Locals wary of China
In a poll late last year, more than 90 per cent of Solomon Islanders said they wanted their country to work closely with liberal democratic countries instead of China, and 79 per cent said they did not want their country receiving financial aid from China.
Australia, which has often been the security assistant of choice for the region — sending a team in November to quell the unrest — is equally unhappy. When the draft of the agreement was leaked, Australian officials pressed the Sogavare government not to sign it.
On Wednesday, Prime Minister Scott Morrison put the blame on China, saying the pact showed how many nations were vulnerable to Chinese encroachment.
"The sort of pressure and influence that has been seeking to be exerted in our region is very real," he said.
US officials also tried to avoid scolding the Sogavare government. A State Department spokesman said the security deal followed a pattern in which the Chinese government offers "shadowy, vague deals with little regional consultation".
Sogavare has shown little interest in listening, to Australia, the United States or other Pacific Island nations that have expressed concerns. In Parliament on Wednesday, after announcing that the security deal had been signed, he said, "I ask all our neighbours, friends and partners to respect the sovereign interests of Solomon Islands."
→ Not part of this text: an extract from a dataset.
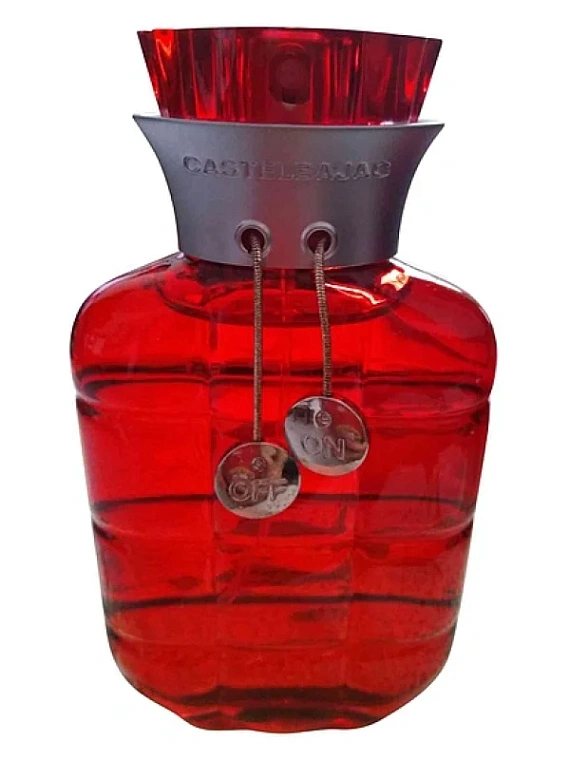 Castelbajac — Castelbajac Castelbajac Eau de Parfum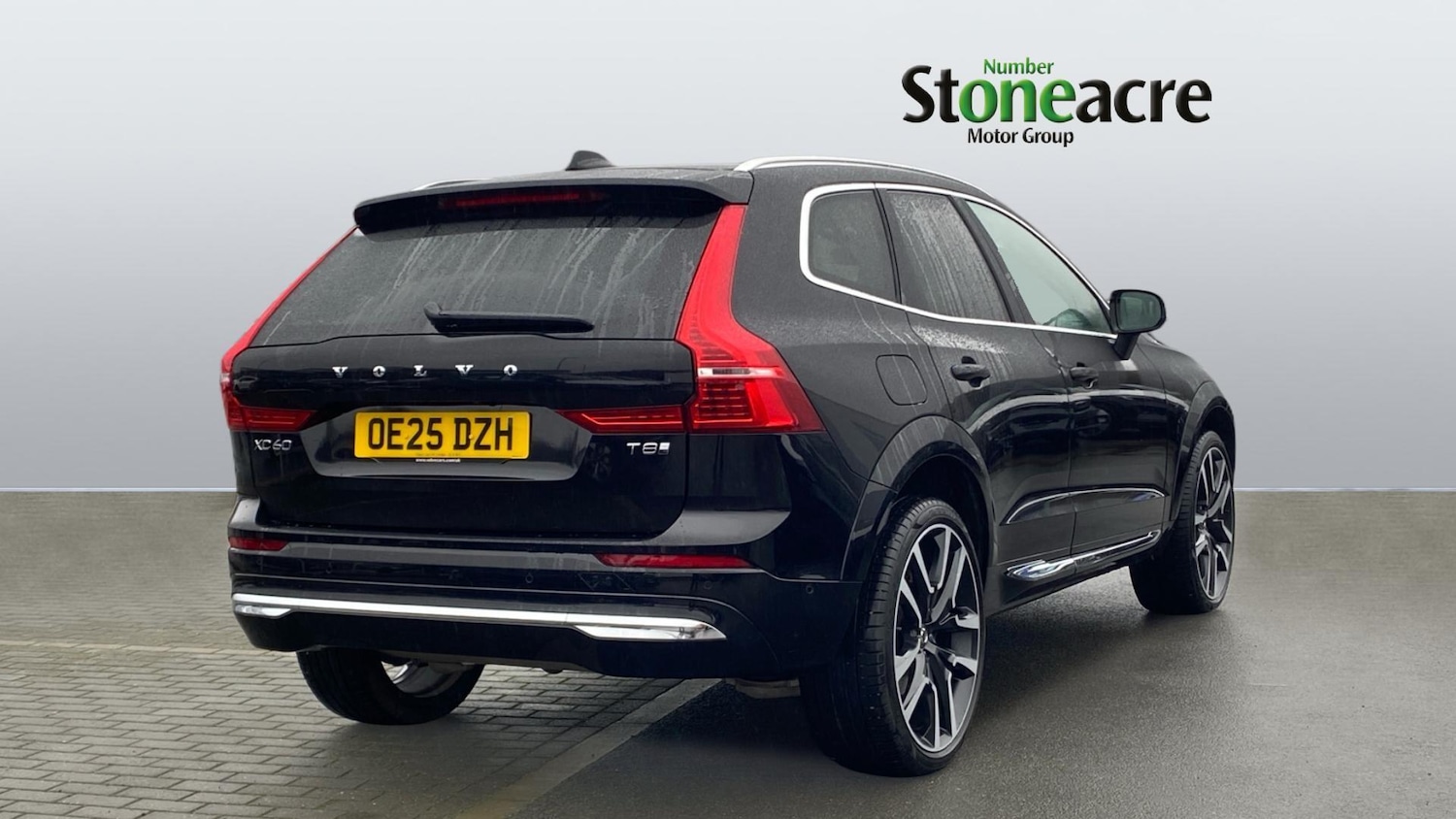 Used Volvo XC60 2025 for sale - 77537253: Photo 9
His critics in government are now worried that challenging him with a no-confidence vote could lead to more protests and a pretence for requesting Chinese assistance. Just the threat of Chinese intervention is already undermining the country's democracy, Sogavare's opponents say.
"This agreement is not in the interests of Solomon Islands at all," said Peter Kenilorea Jr, the deputy opposition leader in Parliament and chairman of its foreign relations committee. "It's in the interests of Beijing and the interest of the current government. It's to keep them in power."